It does
seem like this year has been a Grey Garden’ year for me.
I watched
the documentary again and read the book by Lois Wright about her stay
there.
The
documentary ‘Grey Gardens’ opens up to us the East Hampton home of Mrs. Edith
Ewing Bouvier Beale and her daughter Miss. Edith Bouvier Beale.
Today I
watched the film based on the documentary starring Drew Barrymore and Jessica
Lange. It was interesting to see
beyond the house, which you don’t see in the documentary (except when Little
Edie goes to the beach – which from the accounts of Lois Wright she did
infrequently because her mother couldn’t be left alone.) To see a young Big and Little Edie was
something that one had imagined before but never truly known or seen.
I feel
sorry for the Edies. Their lives could have been so different, less isolated,
and more sociable. Maybe if they
had not been so alike, so ‘staunch’ (as Edie says), they could have taken help
or advice from those around them.
A little compromise would have gone a long way.
I see hints
of my family in them, the untidiness and the ignorance of it in my sister. The agoraphobic nature of them both in
my boyfriend’s nature. The
hoarding of Big Edie reminds me of my love for collecting the detritus of life,
the things that most would throw away.
Little Edie’s talk of travel is like my own, I do go places though, just
not as often as I’d like.
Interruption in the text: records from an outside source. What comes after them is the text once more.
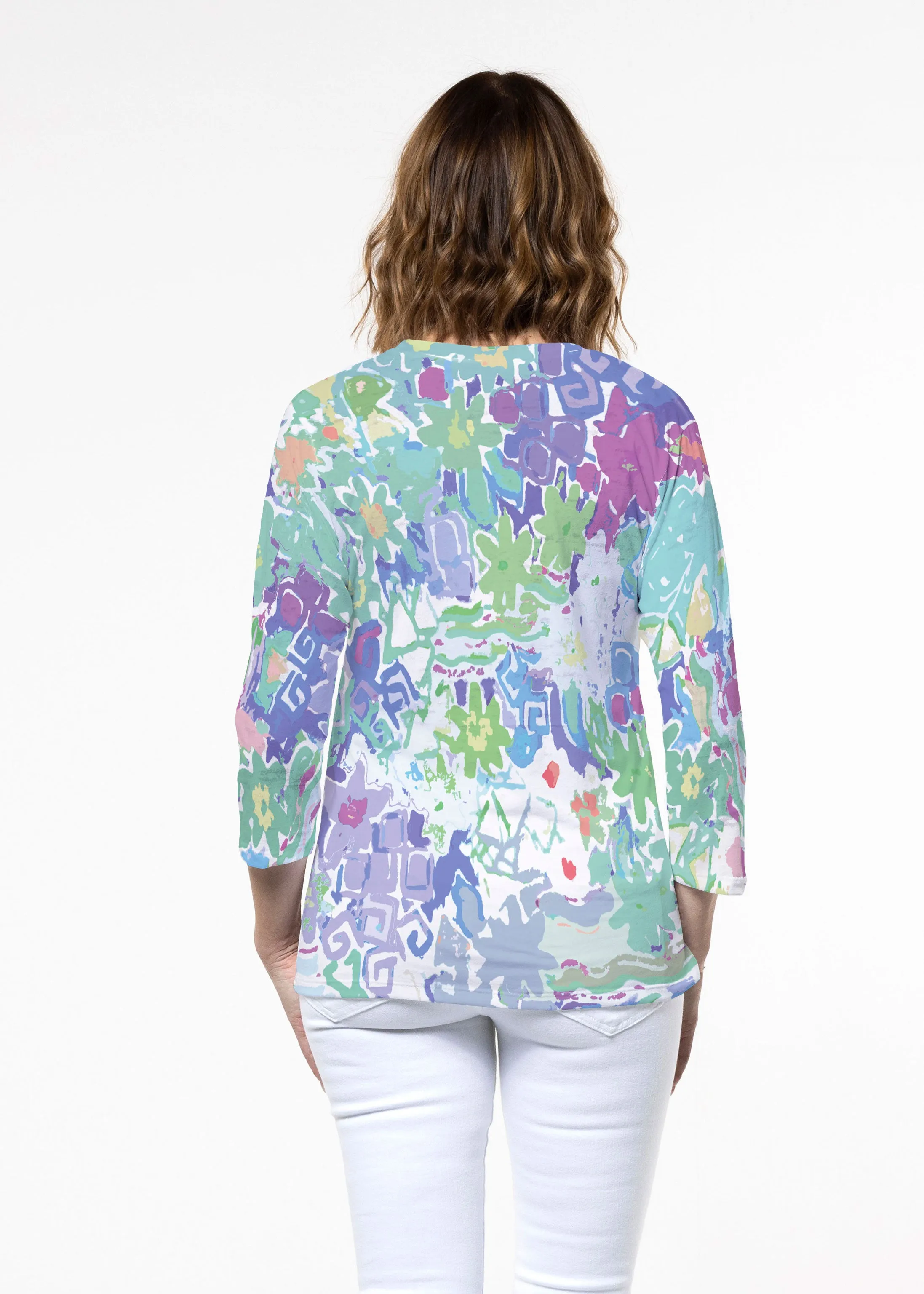 Floral Graffiti (19210) ~ Signature 3/4 Sleeve Crew Neck Top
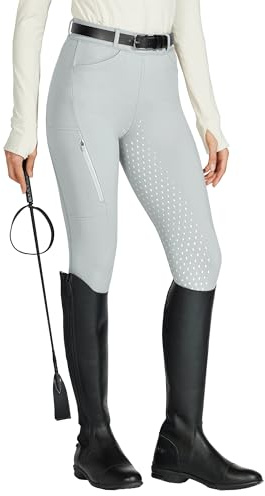 Willit Ridbyxor för kvinnor fullt säte silikon ridbyxor hästar skola tights dragkedja fickor, Ljusgrå, XL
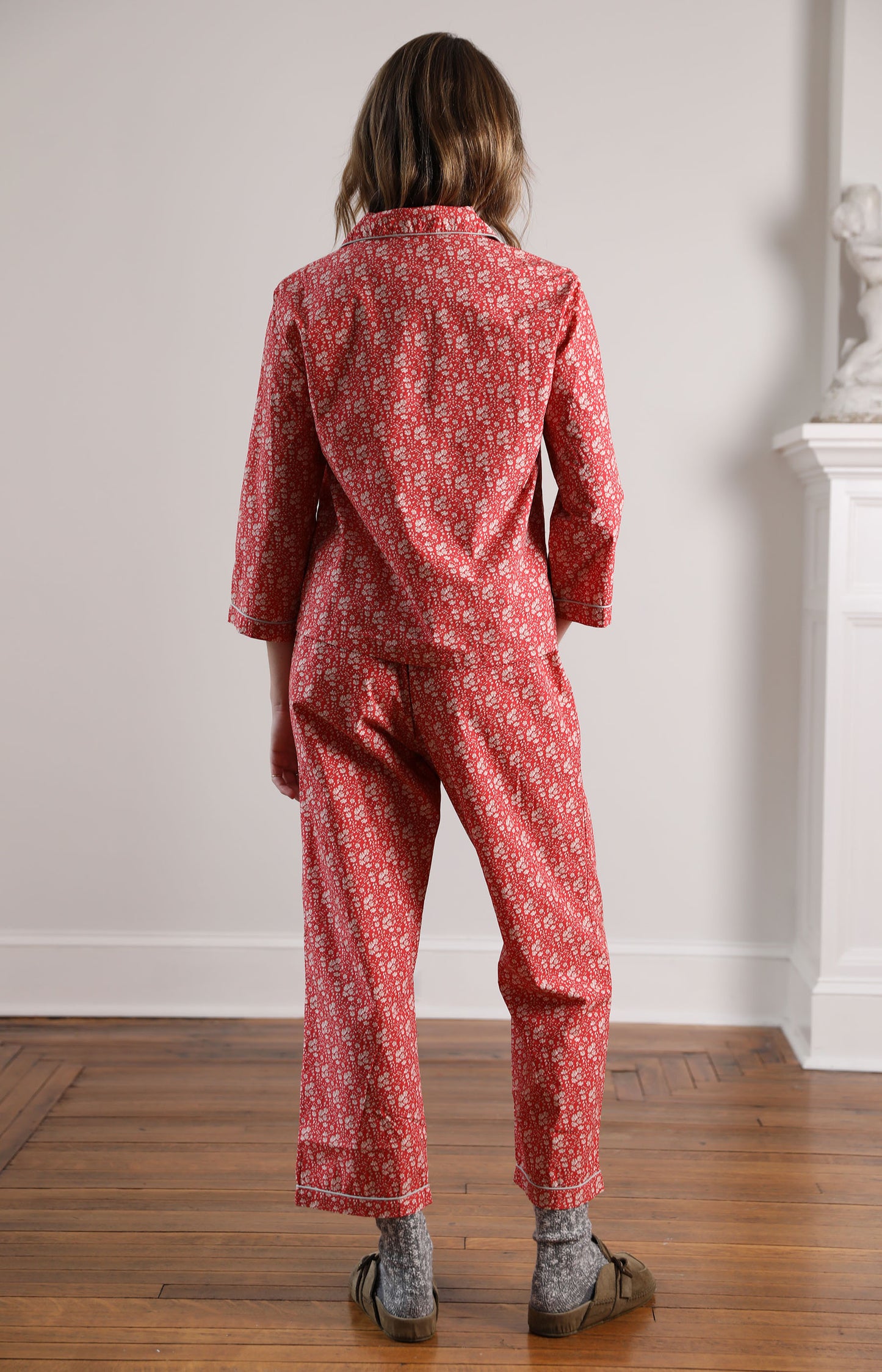 Classic Red Floral Pajama Set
Oh I can
hear her saying that sentence as I write it.
More than
anything and maybe just because it is the first thing that you notice in the
documentary I am drawn to the say the Beales speak. They have such a fascinating enunciation of words that a
girl from London has never heard before.
It is both poetic and otherworldly and I would have loved to have gone
round for tea (or pate and ice cream) and conversed for hours.
Unfortunately
Mrs. ‘Big’ Edie Beale and Miss ‘Little’ Edie Beale are no longer with us.
Most famous
previously for being the aunt and cousin of Jackie O, I am thankful that their
eccentric and interesting characters were captured on film to live on endlessly
in the hearts and imagination of everyone who knew or wishes they knew them.